Gold price plunged Friday as global stock and commodity markets fell amid fresh worries over whether Greek politicians

The gold price plunged Friday as global stock and commodity markets fell amid fresh worries over whether Greek politicians will pass the austerity measures necessary for the financially-strapped nation to receive its next installment of bailout funds. Gold prices fell $17.30 to $1,711 per ounce. Just yesterday, gold prices eclipsed the $1,750 per ounce level, before relinquishing all of its gains as the day concluded.  The downside reversal in the gold price coincided with a rebound in the U.S. dollar, which pared its losses against a basket of the world’s most liquid currencies.  The SPDR Gold Trust (GLD), which had risen by as much as 1.1% to $170.37, settled lower by 0.3% at $168.02 per share.  Shares of GLD traded at 166.01 early Friday morning.

Looking ahead, many analysts expect the action of central bankers to continue to fuel gains in the price of gold.  In its latest edition of its Metal Matters Monthly publication, the precious metals research team at ScotiaMocatta discussed its outlook for higher gold prices. “The reasons for being bullish have changed over the years, with some of the early ones, like producer dehedging, having largely run their course now,” the firm noted. “But, there seems no shortage of new reasons to be bullish for the metal. At present the concerns over EU debt and the fragility of the European monetary system seem to be taking centre stage and although there seems no end in sight for this problem, it looks likely that concerns about the US deficit and its massive debt levels could be waiting in the wings.”

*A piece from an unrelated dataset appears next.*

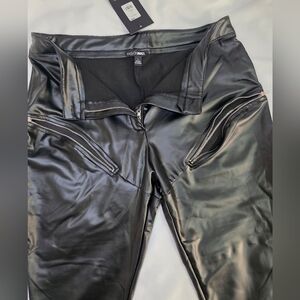 NWT Faux Leather Skinny Pants With Zipper Accents by Fashion Nova- Size Lg Blk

ScotiaMocatta went on to say that “It seems highly likely that US budget and debt issues will become key topics in the US election and like the debt-ceiling standoff last July, may well fuel safe-haven buying. In addition, the fact Japan experienced a budget deficit last year, for the first time since the 1980’s may well mean that Japan’s public debt becomes an issue too.”

In summary, the firm asserted that “The combination of high levels of debt, a monetary system in the developed world that is creaking at the seams and falling confidence in governments’ handling of the crisis, are all likely reasons why investors, central banks and sovereign wealth funds, may be keen to hold more Gold as they diversify away from the dollar, the euro and other investments backed by fiat currencies.”